Stored data entries:
* * *

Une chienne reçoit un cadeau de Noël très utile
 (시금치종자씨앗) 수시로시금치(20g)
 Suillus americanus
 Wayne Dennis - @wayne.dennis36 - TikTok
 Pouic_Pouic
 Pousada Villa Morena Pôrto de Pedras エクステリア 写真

* * *

DIRECTIONS: Reproduce the records above in their entirety, unchanged.

OUTPUT FOR THIS EXERCISE:
Une chienne reçoit un cadeau de Noël très utile
 (시금치종자씨앗) 수시로시금치(20g)
 Suillus americanus
 Wayne Dennis - @wayne.dennis36 - TikTok
 Pouic_Pouic
 Pousada Villa Morena Pôrto de Pedras エクステリア 写真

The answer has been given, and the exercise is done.